### Stored data
*****

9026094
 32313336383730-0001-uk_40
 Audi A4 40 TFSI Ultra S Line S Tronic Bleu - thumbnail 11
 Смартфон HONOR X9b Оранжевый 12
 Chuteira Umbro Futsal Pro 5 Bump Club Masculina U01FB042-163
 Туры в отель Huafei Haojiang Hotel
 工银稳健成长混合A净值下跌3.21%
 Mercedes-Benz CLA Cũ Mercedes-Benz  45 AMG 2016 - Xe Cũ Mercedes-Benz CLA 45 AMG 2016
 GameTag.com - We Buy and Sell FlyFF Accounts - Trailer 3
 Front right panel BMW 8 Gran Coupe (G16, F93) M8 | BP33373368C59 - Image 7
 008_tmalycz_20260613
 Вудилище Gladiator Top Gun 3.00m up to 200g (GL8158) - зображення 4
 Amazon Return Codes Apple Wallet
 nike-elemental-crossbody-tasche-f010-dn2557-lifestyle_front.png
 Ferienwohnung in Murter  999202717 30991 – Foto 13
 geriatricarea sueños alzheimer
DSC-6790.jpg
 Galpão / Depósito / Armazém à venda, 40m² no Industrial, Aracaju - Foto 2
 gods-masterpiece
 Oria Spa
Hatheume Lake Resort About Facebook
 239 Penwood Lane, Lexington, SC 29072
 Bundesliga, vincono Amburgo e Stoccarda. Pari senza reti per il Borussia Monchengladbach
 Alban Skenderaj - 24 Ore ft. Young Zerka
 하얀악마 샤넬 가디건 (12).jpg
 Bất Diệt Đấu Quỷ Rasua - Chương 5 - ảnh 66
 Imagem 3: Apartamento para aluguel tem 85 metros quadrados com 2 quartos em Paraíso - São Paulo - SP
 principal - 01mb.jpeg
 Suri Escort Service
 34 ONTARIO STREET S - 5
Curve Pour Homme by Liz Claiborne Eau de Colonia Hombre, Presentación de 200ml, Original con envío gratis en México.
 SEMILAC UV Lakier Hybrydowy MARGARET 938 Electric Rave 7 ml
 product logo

*****

### Problem description
Retype all the records, matching them exactly.

### Result for this exercise
9026094
 32313336383730-0001-uk_40
 Audi A4 40 TFSI Ultra S Line S Tronic Bleu - thumbnail 11
 Смартфон HONOR X9b Оранжевый 12
 Chuteira Umbro Futsal Pro 5 Bump Club Masculina U01FB042-163
 Туры в отель Huafei Haojiang Hotel
 工银稳健成长混合A净值下跌3.21%
 Mercedes-Benz CLA Cũ Mercedes-Benz  45 AMG 2016 - Xe Cũ Mercedes-Benz CLA 45 AMG 2016
 GameTag.com - We Buy and Sell FlyFF Accounts - Trailer 3
 Front right panel BMW 8 Gran Coupe (G16, F93) M8 | BP33373368C59 - Image 7
 008_tmalycz_20260613
 Вудилище Gladiator Top Gun 3.00m up to 200g (GL8158) - зображення 4
 Amazon Return Codes Apple Wallet
 nike-elemental-crossbody-tasche-f010-dn2557-lifestyle_front.png
 Ferienwohnung in Murter  999202717 30991 – Foto 13
 geriatricarea sueños alzheimer
DSC-6790.jpg
 Galpão / Depósito / Armazém à venda, 40m² no Industrial, Aracaju - Foto 2
 gods-masterpiece
 Oria Spa
Hatheume Lake Resort About Facebook
 239 Penwood Lane, Lexington, SC 29072
 Bundesliga, vincono Amburgo e Stoccarda. Pari senza reti per il Borussia Monchengladbach
 Alban Skenderaj - 24 Ore ft. Young Zerka
 하얀악마 샤넬 가디건 (12).jpg
 Bất Diệt Đấu Quỷ Rasua - Chương 5 - ảnh 66
 Imagem 3: Apartamento para aluguel tem 85 metros quadrados com 2 quartos em Paraíso - São Paulo - SP
 principal - 01mb.jpeg
 Suri Escort Service
 34 ONTARIO STREET S - 5
Curve Pour Homme by Liz Claiborne Eau de Colonia Hombre, Presentación de 200ml, Original con envío gratis en México.
 SEMILAC UV Lakier Hybrydowy MARGARET 938 Electric Rave 7 ml
 product logo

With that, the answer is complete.